The insatiable demand for data continues unabated. We want to gain deeper insights into market trends, customers, competitors and our business performance, but many companies are not making the progress they anticipated. And the promise of big data analytics remains largely out of their reach.
Why? Because most companies still don’t take a strategic approach to data integration. It’s laborious and time-consuming. It’s costly. And most cannot see the direct impact it has on driving business objectives while supporting risk management initiatives for governance, regulatory and compliance (GRC) requirements.
If anything, data integration has become more complex as the sources of data have exploded. Not only are companies collecting and retaining more data – multinationals have data in many countries that they struggle to integrate, manage and analyze. Moreover, companies are sharing more information with trading and supply chain partners than ever before.
Much of this data is beyond the structured transactional variety in conventional systems and databases. In fact, unstructured data – from spreadsheets and documents to Web pages and social shares – is growing exponentially faster. More companies are recognizing that this data represents a trove of knowledge that has largely gone untapped because they have been hidden in user and departmental data silos across the enterprise.
In the software-driven economy, people expect unfettered access to data 24/7. And they are increasingly accessing this data with a mobile device. As the pace of business accelerates, companies are under increasing pressure to ensure that the right users have access to the right data in the right format – at the point of decision.
The “3 Vs” of big data are often referred to volume, variety and velocity. However, I believe the true 3 Vs are validity, veracity and value. That’s because all of this data is of little use if it’s not integrated. Inadequate data governance has resulted in data sprawl, with incomplete or inaccurate data sets driving flawed assumptions and multiple versions of models that undermine data-driven decision-making. After all, bad data at the speed of light is still bad data.
As much of this data becomes localized, it is more difficult to manage. Equipping users with a desktop data visualization tool and calling it self-service BI/analytics often disappoints both IT and business managers. Users get bogged down trying to integrate data from different sources to prepare for analysis rather than gaining the hoped-for insights. Studies show that despite the panoply of newer technologies, enterprises typically spend up to 80% of their time in business intelligence projects preparing the data for analysis.
We also see these data silos exploited by cybercriminals. Sensitive information is exposed and/or stolen, leaving companies to face GRC violations, fines and reputational damage.
Part of what’s made data integration so cumbersome and costly is its data warehousing and extract, transform and load (ETL) processes. Moving data is always a challenge, and the old hand-coded cube methodologies that let IT determine the data sets users should be working with are outmoded.

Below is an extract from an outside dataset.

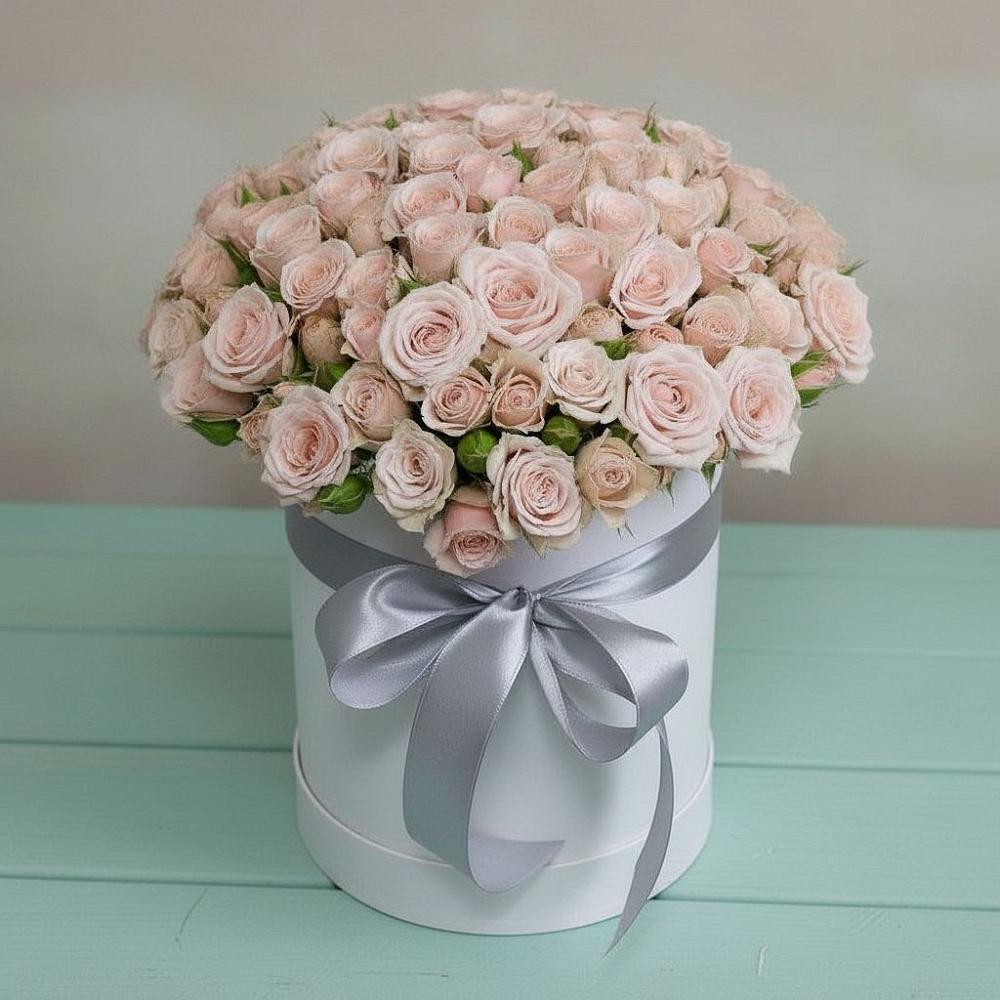 Цветочная композиция из Розы в шляпной коробке в Красногорском Алтайского края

Newer integration technologies that support data migration, app consolidation, data quality and profiling, and master and metadata management go beyond the traditional ETL functionality. These tools automate much of the cleansing, matching, error handling and performance monitoring – processes that IT teams often struggle with manually. They allow teams to implement a standardized approach to integrating diverse data sets, including those from SaaS applications and IaaS or PaaS clouds.
Data integration is not a one-size-fits-all approach. It’s important for IT teams to make sure they’re using the right tool for the job. For example, bulk processes may be effective for a modeler working with large data sets that lack update times. In contrast, data virtualization may be appropriate for high-availability latency-sensitive transactional systems such as high-frequency trading environments.
Modern data integration tools can handle batch projects or interoperate with real-time analytics applications. And newer tools allow this integration to occur in a data lake, eliminating the need to move the data. Some refer to this process as extract, load and transform (ELT).
For manageability, it’s important to keep the number of integration tools to a minimum. This will largely be a factor of user profiles, project criteria and the types of data they are working with. At the same time, it’s critical that these tools interoperate seamlessly to achieve the desired data efficiency.
Modern data integration enables IT to be more responsive to business users and strategic initiatives. These tools help IT ensure that the data users access are complete, current, consistent and accurate.
Additionally, modern data integration allows IT teams to manage data more effectively at reduced costs. They become more productive by spending less time on writing specialized scripts and more time on getting people the information they need – where and when they need it. It also makes it easier for data teams to collaborate with compliance and security teams to ensure policy adherence and resilience to in the event of a cyberattack.